Pittsburgh is in an ongoing transition from its blue-collar, industrial profile to a more diversified job market aiming at young, highly skilled workers. On one hand, the metro is bleeding lower-paid jobs and working-class households are being priced out of some core areas. On the other hand, Greater Downtown is thriving on this demographic shift, with highly paid Millennials taking advantage of the area’s job market, affordability and quality of life. The city benefits from a deep talent pool fueled by Carnegie Mellon, the University of Pittsburgh and several other institutions.
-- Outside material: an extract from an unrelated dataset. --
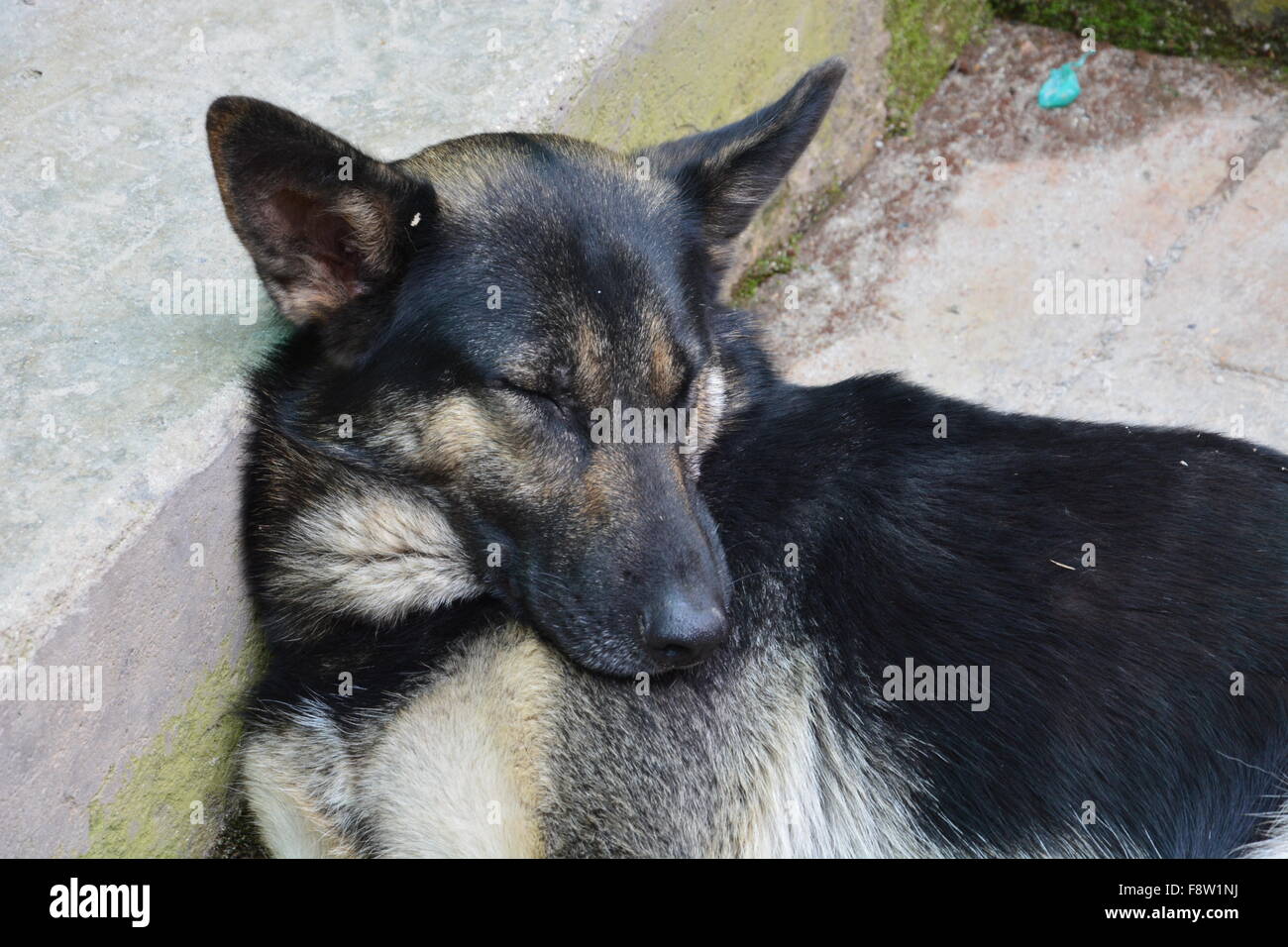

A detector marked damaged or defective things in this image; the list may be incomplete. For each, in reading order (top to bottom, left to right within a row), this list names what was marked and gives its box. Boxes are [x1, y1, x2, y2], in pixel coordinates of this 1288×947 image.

cracked concrete [757, 21, 1282, 451]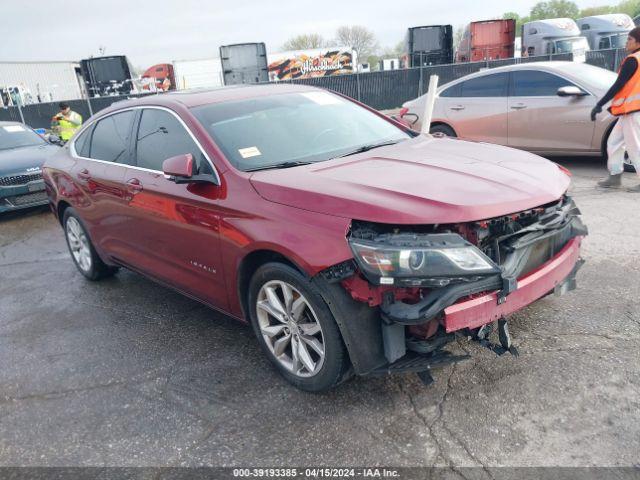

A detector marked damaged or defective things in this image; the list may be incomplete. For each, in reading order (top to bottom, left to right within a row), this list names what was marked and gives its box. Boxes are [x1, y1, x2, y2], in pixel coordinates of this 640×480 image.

Attracted by the large number of degree-holding young professionals, large tech companies—including Uber quite recently—have chosen to set up a base or expand Pittsburgh operations.
With more than 10,000 units in different stages of development, almost 2,300 of which are slated for completion in 2017, the pipeline is likely to cool off, but not by much. The record-breaking supply volume, together with the high affordability of owning and the city’s slowly declining population, have put a strong damper on rent growth. The damper won’t be let up, at least not in the short run.